## DATASET:
:::::

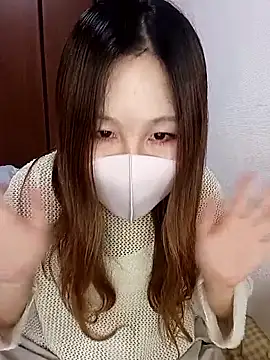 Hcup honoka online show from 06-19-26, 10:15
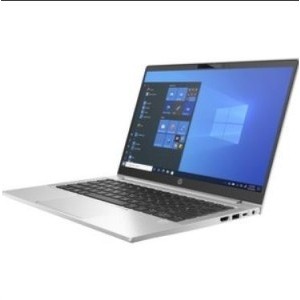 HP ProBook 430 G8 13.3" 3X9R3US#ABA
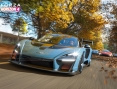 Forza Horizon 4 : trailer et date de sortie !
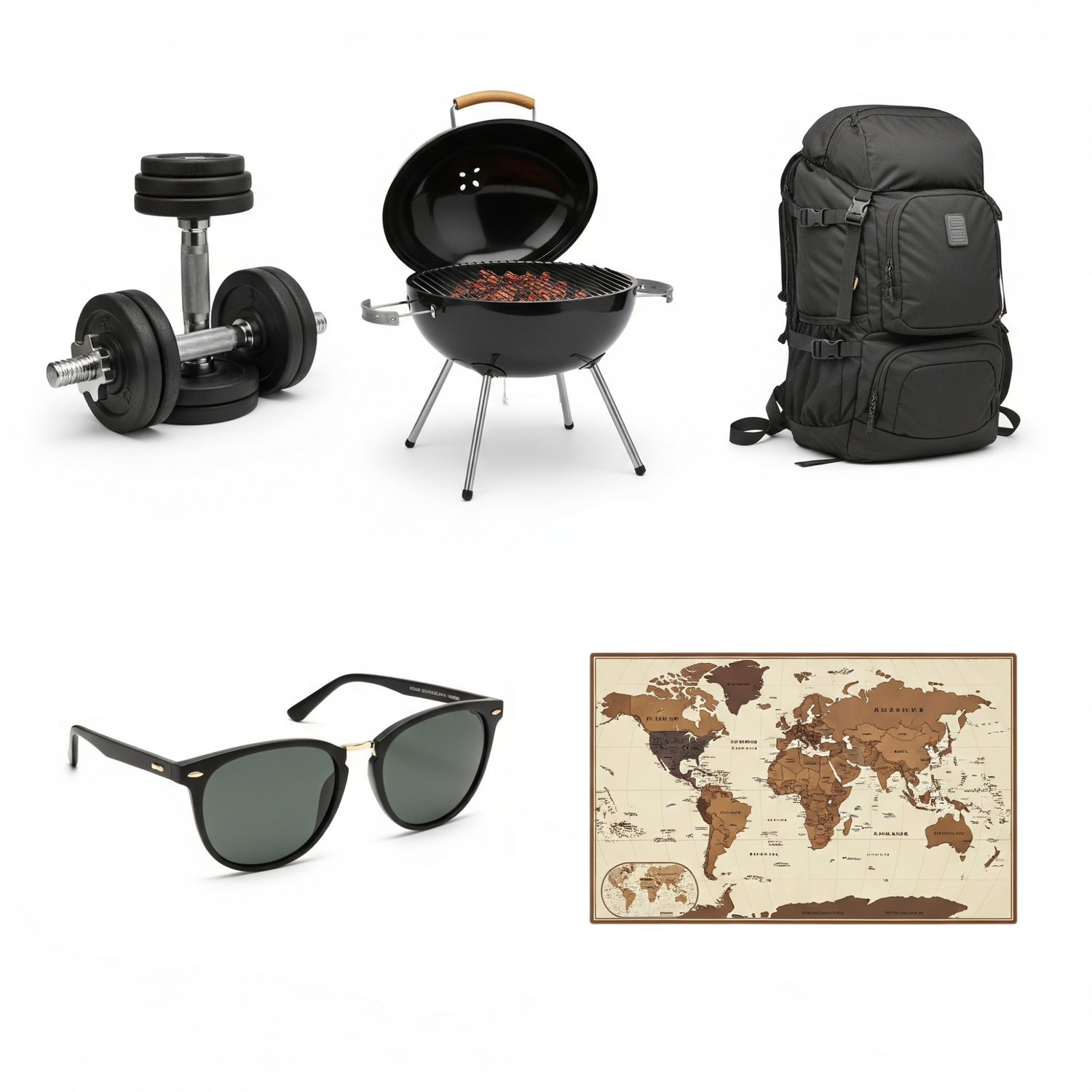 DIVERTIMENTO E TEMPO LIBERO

:::::

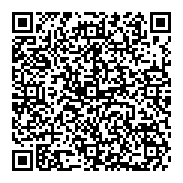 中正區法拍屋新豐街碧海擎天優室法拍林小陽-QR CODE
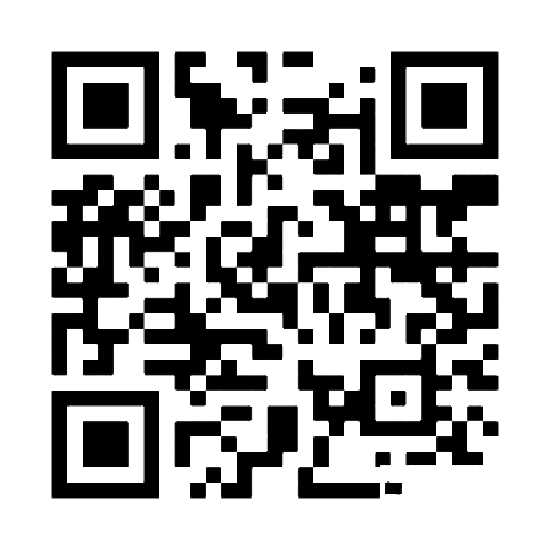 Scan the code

:::::

## WHAT YOU NEED TO DO:
When you reach the line containing "HP ProBook 430" in the entries above, begin restating word for word, and stop once the line containing "DIVERTIMENTO E TEMPO LIBERO" has been given. Omit the pictures.

## OUTPUT:
 HP ProBook 430 G8 13.3" 3X9R3US#ABA
 Forza Horizon 4 : trailer et date de sortie !
 DIVERTIMENTO E TEMPO LIBERO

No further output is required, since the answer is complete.